At last the highest paid and longest serving FTSE-100 CEO has departed from WPP after 33 years. His total pay last year was £48 million, down from the previous year’s “single figure” of £70 million. Sir Martin was certainly perceived to be a “star” businessman, and the financial performance of WPP pleased shareholders for many years. Despite recent problems the Annual Report of the company claims a Total Shareholder Return of 1,006% over the last twenty years as against a measly 241% for the FTSE-100.

Will the company find a suitable replacement manager who can continue to grow the business? Will the company survive in its current form or be broken up? Those are the questions all the media are pontificating upon.

My thoughts on this subject were crystalized by reading the business management classic “Good to Great” on a recent holiday break. First published in 2001, the author Jim Collins reported on research he had undertaken to determine what separated out simply “good” companies from the “great” ones, i.e. those that really offered investors superior returns rather than average ones. He also looked at what turned good companies into great ones, i.e. the crystalizing factors or turning points. It’s well worth reading by investors for that reason alone, even if some of the companies reported on as “great” have subsequently gone bust (e.g. Circuit City), and amusingly Berkshire Hathaway was only rated as “good” at the time so was not included in the analysis.

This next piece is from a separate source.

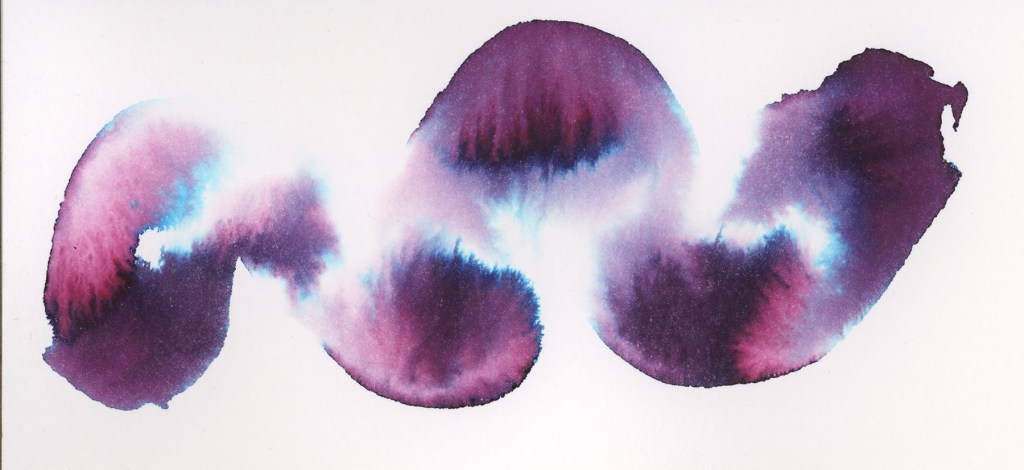 A detail chromatography swatch of Robert Oster Australian Opal Mauve on Strathmore watercolor paper, shown as a wide horizontal swoosh. The ink separates into rich pink, violet, and electric blue tones, with soft white blooming through the center. The smooth paper surface allows the colors to flow and blend freely.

Management and the quality of the leadership was one of the key factors identified. It seemed that humble, self-effacing leaders were best. They often attributed the company’s success to luck or the other senior management team members. Star managers with high profiles such as Jack Welch at GEC or Lee Iacocca at Chrysler frequently proved to be shooting stars whose achievements rapidly disappeared after they left. In other words, they did not build great companies where their legacy lived on after their departure.

This is one very applicable quote from the book when you are considering director pay in companies: “We found no systematic pattern linking executive compensation to the process of going from good to great. The evidence simply does not support the idea that the specific structure of executive compensation acts as the key lever in taking a company from good to great”. In other words, high pay does not generate exceptional performance in managers, and schemes such as LTIPs which allegedly align managers’ interests with shareholders do not help either.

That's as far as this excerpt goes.